Mas quem pensa que todo o movimento foi arquitetado previamente, se engana. A diretora relata, inclusive, que “mal sabia que era a única mulher dentre estes cineastas” na época, e afirma ainda que todo o processo foi algo muito natural para todos: “Hoje em dia dizem ‘ah, o movimento do Cinema Novo’, mas o movimento era a vida da gente. Não havia esse ‘movimento’. Existe sempre esse equívoco. As pessoas acham isso”.

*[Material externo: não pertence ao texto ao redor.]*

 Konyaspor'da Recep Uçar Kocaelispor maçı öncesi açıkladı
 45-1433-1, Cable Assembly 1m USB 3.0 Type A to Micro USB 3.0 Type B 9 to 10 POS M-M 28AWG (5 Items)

Com os grandes sucessos A Entrevista (1966) e Meio-dia (1969), Helena demonstrou que possui nítido interesse por temas tocantes como regras impostas pela sociedade e ditadura militar. Ambos os curtas, que abordam críticas à sistemas sociais, foram marcos do Cinema Novo e, também, as maiores referências quando se trata da cineasta. Esses documentários fizeram parte, inclusive, da Retrospectiva Helena Solberg, exibida nos CCBBs de todo o país desde o começo de 2018.

A Entrevista (1966)

Quando eu fiz ‘A Entrevista’ as pessoas não queriam ser filmadas porque achavam que o assunto era considerado polêmico. Então eu acabei usando uma trilha sonora, uma entrevista gravada, e eu tinha que criar uma imagem. Mas isso acabou sendo a melhor coisa que aconteceu porque eu acho que o filme ficou mais interessante com essa imagem, que é uma noiva sendo preparada para o casamento, como num grande ritual que a sociedade espera dela, dessa mulher dessa certa classe social, de classe média alta. Então essas entrevistas vão como que desconstruindo, revelando contradições e ambiguidades e confusões sobre essas pessoas.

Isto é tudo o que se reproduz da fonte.